The Laugh of the Medusa
- 2010 edition
- Author: Helene Cixous
- Original title: Le Rire de la Méduse
- Language: French
- Subjects: Feminist theory, women's rights
- Published: 1975
- Publication place: France
- Media type: Print

= The Laugh of the Medusa =

1975 essay by Hélène Cixous

"The Laugh of the Medusa" is a 1975 essay by French feminist critic Hélène Cixous. Originally written in French as "Le Rire de la Méduse", a revised version was translated into English by Paula Cohen and Keith Cohen in 1976.

==Overview==
In the essay, Cixous issues an ultimatum: that women can either read and choose to stay trapped in their own bodies by a language that does not allow them to express themselves, or they can use the body as a way to communicate. She describes a writing style, écriture féminine, that she says attempts to move outside of the conventional rules found in patriarchal systems. She argues that écriture feminine allows women to address their needs by building strong self-narratives and identity. This text is situated in a history of feminist conversations that separated women because of their gender especially in terms of authorship. The "Laugh of the Medusa" addresses this rhetoric, writing on individuality and commanding women to use writing and the body as sources of power and inspiration.
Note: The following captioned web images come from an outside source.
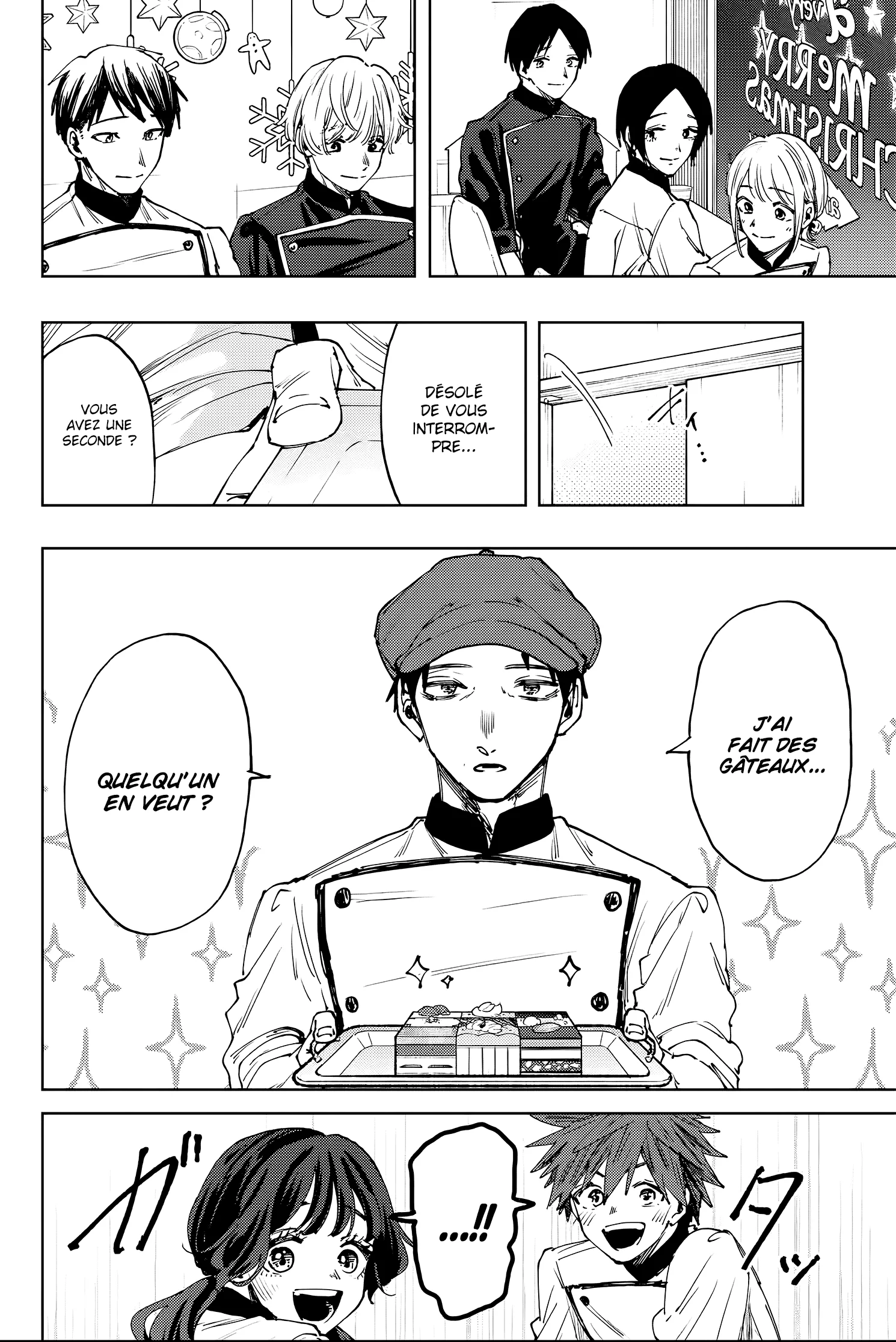 The Fragrant Flower Blooms With Dignity Chapitre 97 - Page 12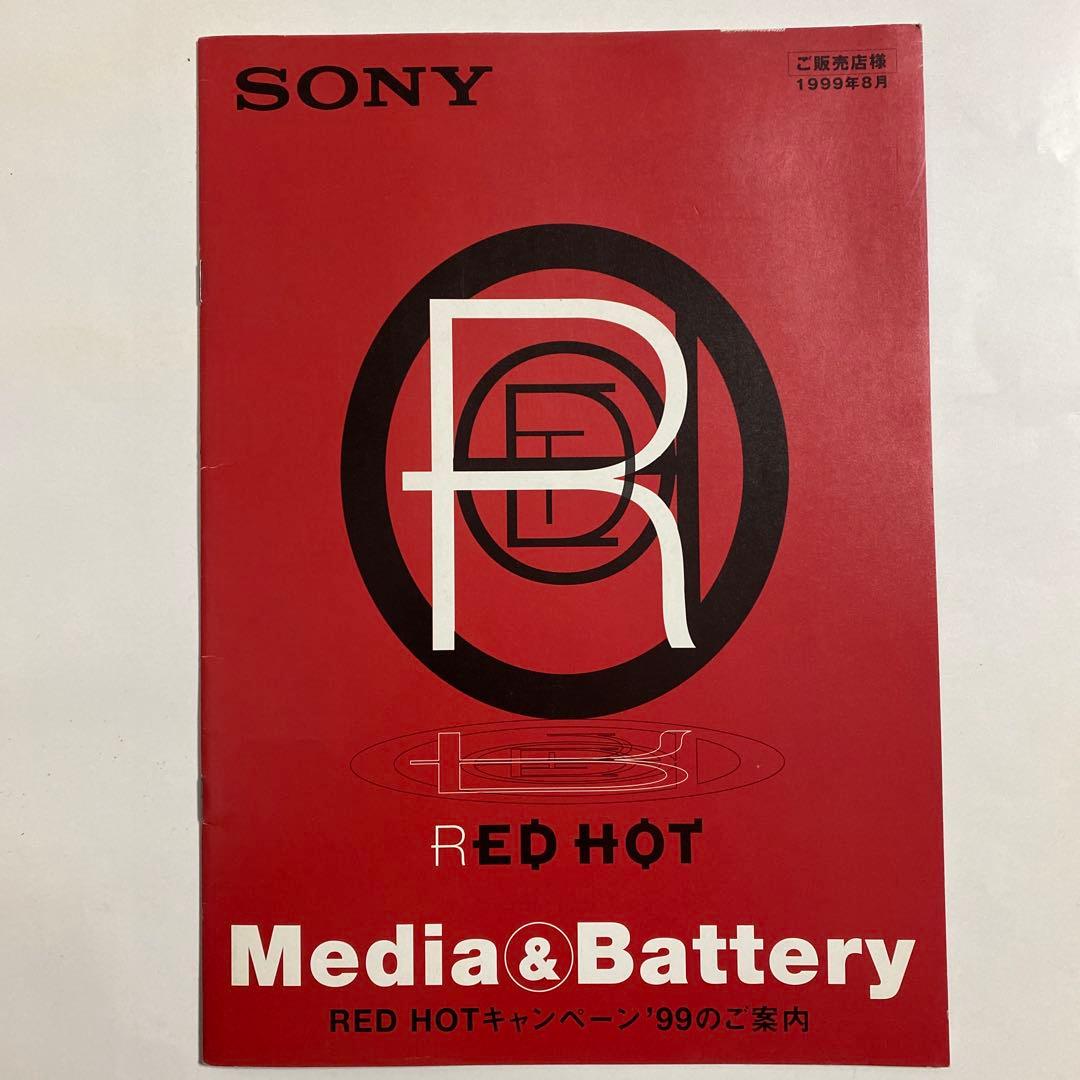 SONY RED HOTキャンペーン 1999 宇多田ヒカル - メルカリ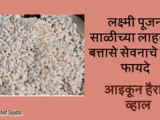 Salichya Lahya w Battase Sewana Che Fayde (Health Benefits) in Marathi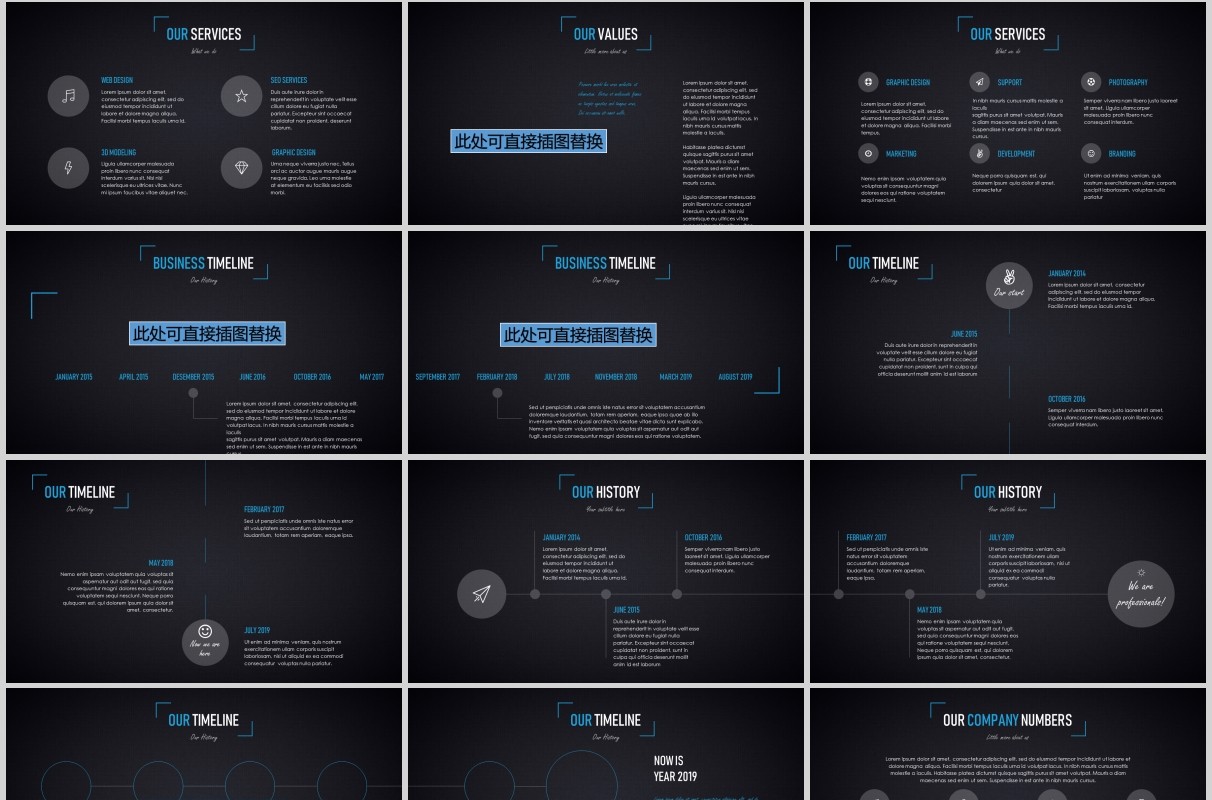 多功能深浅两套PPT演示模板手机电脑模型Duende dark Light Powerpoint template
Cixous uses the term the "Logic of Antilove" to describe her understanding of the systematic oppression of women by patriarchal figures. She defines the Logic of Antilove as the self-hatred women have noting that, "they have made for women an antinarcissism! A narcissism which loves itself only to be loved by what women haven't got." This idea persecutes women by defining them by what misogynistic tradition believes makes the female sex inferior. Cixous commands women to focus on individuality, particularly the individuality of the body and to write to redefine self-identity in the context of her history and narrative. The essay argues that writing is a tool women must use to advocate for themselves to acquire the freedom women have historically been denied.

However, Cixous demonstrates that écriture féminine is not limited to "woman". She names Colette, Marguerite Duras, and Jean Genet as "the only inscriptions of femininity that [she has] ever seen" in twentieth century French literature. She also criticises the women writers of the nineteenth century for writing to appeal to men. For Cixous, it is not anatomy that should define our identity; this is 'to confuse the biological and the cultural'.

"The Laugh of the Medusa" is an exhortation and call for a "feminine mode" of writing which Cixous calls "white ink" and écriture féminine. Cixous builds the text using the elements of this mode and fills it with literary allusions. She instructs women to use writing as a means of authority. Cixous explores how the female body is closely connected to female authorship. She conveys this message by employing a conversational dialogue in which she instructs her audience directly. She urges her audience to write, using many direct conversational statements such as "Writing is for you, you are for you; your body is yours, take it." Cixous' repetition in her message that women must write for themselves and claim their bodies bridges the gap between the physicality of the female body and their authorship. In doing so she challenges the distinctions between theory and practice expanding on the feminist rhetorical tradition. "The Laugh of the Medusa" is successful in its creation of a writing style that allows women to claim authority because it was created on the foundation of the woman's claim to herself and her body, therefore eliminating the oppressive effects of patriarchal control of rhetoric. This text is also a critique of logocentrism and phallogocentrism, because it de-prioritizes the masculine form of reason traditionally associated with rhetoric, having much in common with Jacques Derrida's earlier thought.

==Inspiration for==
Inspired by Cixous' essay, a recent book titled Laughing with Medusa (2006) analyzes the collective work of Julia Kristeva, Luce Irigaray, Bracha Ettinger and Hélène Cixous.